There was method in what some might view as their madness. Not only were they tasting an alternative lifestyle and accumulating knowledge in how to apply it in their own back yard, they were also sampling life in different parts of the country to help them decide where their new back yard might be.
They had Sligo in mind but were open to being won over by the charms of other Atlantic counties.
It is not that they were unhappy in Dublin, living in Sutton and close to family and friends. They both had full-time jobs; she is a teacher and Alan is an engineer.
We also wanted to live with a more like-minded community of people
“We loved Dublin and where we lived as well, which is probably why it took us so long to move,” says Gayle. “We had been growing our own food a little bit – we wanted a little more space and we wanted to have the capacity to learn to self-sustain and it wasn’t really possible to do that in the community we were living in.
“We also wanted to live with a more like-minded community of people who were into permaculture and self-sufficiency.”
It was about finding their tribe and “Wwoofing was such a bonus”, she says, in helping them do that.
However, they also highly recommend it as a holiday, even for people who are not thinking of making radical life changes like them.
“It’s a real missed opportunity for Irish families”, she says. “It is a gorgeous experience; it gives you a little eye into another world.”
But, at its core, is woofing not essentially unpaid farm labour?
“You could take that slant on it but it’s a real exchange,” says Gayle. You work not only for bed and board but also for the learning.
With some hosts you might feel the trade is not as balanced as you would like, she continues, but that is usually because there hasn’t been enough communication between the two sides beforehand.
“No one is trying to pull a fast one, it’s just different expectations.”
Conscious of the fact that they had two children who were not really working – although sometimes their company as playmates for resident children was most welcome – the Nagles never felt exploited.
“The meals being provided were so extensive; some of ours hosts were so welcoming, so much information was being passed on, they were sharing so much time, knowledge and wisdom, we didn’t come away from it feeling like that at all. It was very much a fair trade.”

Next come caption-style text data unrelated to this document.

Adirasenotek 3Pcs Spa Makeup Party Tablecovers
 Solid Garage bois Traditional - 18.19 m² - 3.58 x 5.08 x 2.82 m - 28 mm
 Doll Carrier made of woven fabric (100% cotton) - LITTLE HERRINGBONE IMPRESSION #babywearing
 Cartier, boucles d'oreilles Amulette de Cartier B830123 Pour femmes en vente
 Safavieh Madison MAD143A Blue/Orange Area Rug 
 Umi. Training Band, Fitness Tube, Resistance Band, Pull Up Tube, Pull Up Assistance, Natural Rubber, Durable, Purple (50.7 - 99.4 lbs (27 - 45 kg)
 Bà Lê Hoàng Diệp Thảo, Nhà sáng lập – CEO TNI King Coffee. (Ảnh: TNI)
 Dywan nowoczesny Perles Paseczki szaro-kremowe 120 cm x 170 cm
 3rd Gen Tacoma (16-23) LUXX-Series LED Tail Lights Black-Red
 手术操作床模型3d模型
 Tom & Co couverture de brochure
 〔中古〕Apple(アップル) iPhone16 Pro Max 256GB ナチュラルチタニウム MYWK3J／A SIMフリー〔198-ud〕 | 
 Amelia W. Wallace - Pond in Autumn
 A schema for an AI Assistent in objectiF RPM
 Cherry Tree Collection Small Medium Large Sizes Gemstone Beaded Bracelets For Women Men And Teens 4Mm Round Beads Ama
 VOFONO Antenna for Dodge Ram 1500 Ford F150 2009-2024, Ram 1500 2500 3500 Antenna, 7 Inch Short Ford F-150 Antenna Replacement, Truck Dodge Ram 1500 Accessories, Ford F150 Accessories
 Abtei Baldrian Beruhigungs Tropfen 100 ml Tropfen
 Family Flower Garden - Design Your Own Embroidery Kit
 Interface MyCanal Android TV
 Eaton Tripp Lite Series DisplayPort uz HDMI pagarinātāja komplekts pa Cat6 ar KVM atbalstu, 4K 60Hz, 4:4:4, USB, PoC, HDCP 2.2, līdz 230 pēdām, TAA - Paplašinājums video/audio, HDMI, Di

As a holiday, it’s certainly no physical rest but the mental and physical benefits for desk-bound bodies are huge.
“I was sick of sitting in front of a screen for nearly eight hours a day; I was nearing burnout of sorts,” says Alan, who took a career break.
“It was just amazing, like a holiday: outdoors in nature, eating mostly vegetarian and vegan meals, doing this physical work and, at the end of it all, I had shed a good few kilos and never felt better and mentally renewed.”
The relative rarity of them being an Irish couple travelling with two children, Laila and Floyd, then aged eight and six respectively, interested the prospective Wwoof Ireland hosts they contacted. Not all hosts can cater for families but as the Nagles opted to bring their own camper van from one farm to another, accommodation was not an issue.
So how did the children fare?
“Different hosts in different places threw up different challenges,” replies Gayle. For instance, one place was small and limited in terms of safe places to play and there were no other children, so they moved on quite quickly.
Some days were boring for their children, she concedes, but overall “it was a great experience for them to be outdoors all the time, to be in nature, to be with these other people who tend to be caring and respectful”. She thinks it was valuable for them to see how others live.
“Of course, they had their moments, there were tears and bickering but, overall, I think they look back on it as a really interesting and fun time.”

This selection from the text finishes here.